The Require template has the form:

[item or condition] requires [item or condition]

A require rule is a logical implies. If the first operand is true then the second operand is implied (must be true). For example, Item A requires Item B. This rule means that if Item A is present in the solution, then Item B must be present. Another example: Condition A requires Item B. This rule means that if Condition A is true, then Item B must be present in the solution.

A require rule is not mutual. The rule Item A requires Item B does not imply Item B requires Item A. However, if Item B is excluded then Item A is also excluded. This is because when Item B is excluded, the rule can never be true.
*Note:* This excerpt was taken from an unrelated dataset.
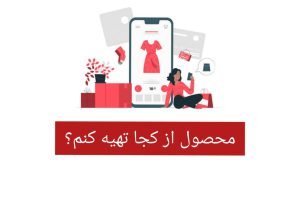 حالا از کجا تهیه کنیم محصولاتمون برای آنلاین شاپ؟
The require operator is functionally equivalent to the following Boolean expression:

(NOT A) OR B

In the first two columns of Table 27, a 1 means the item is present in the solution. A 0 means it is absent or excluded.

Table 27.  Truth Table for Require Expressions
A
B
NOT A
(NOT A) OR B

1

0

0

False

0

1

1

True

0

0

1

True

1

1

0

True

The table shows that a require rule behaves as follows:

• False when Item A is present and Item B is not. (If Item B cannot be present, Item A cannot be present).
• True when Item B is present and Item A is not.
• True when neither is present.
• True when both are present.

Use require rules to:

• To create a requires relationship for items in different relationships. For example, you can write a rule that if Item A in relationship 1 is picked, then Item B in relationship 2 is required.
• To add items to the configuration if a condition is true.
• To create relationships between other items (conditions) when a product is added to the solution.

#### Items

An item can be any of the following:

• A relationship or class within a relationship. For example, Relationship A requires Item B. This rule means that when any product in relationship A is present in the solution, then Item B must be present.
• A product within a relationship

When items are the operands, require rules are concerned only with presence or absence, not quantity. For example, Item A requires Item B. When the first Item A is added to the solution, the eConfigurator engine will add at least one Item B if none are present. When the second Item A is added, the engine does not add any more Item B, since at least one is already present.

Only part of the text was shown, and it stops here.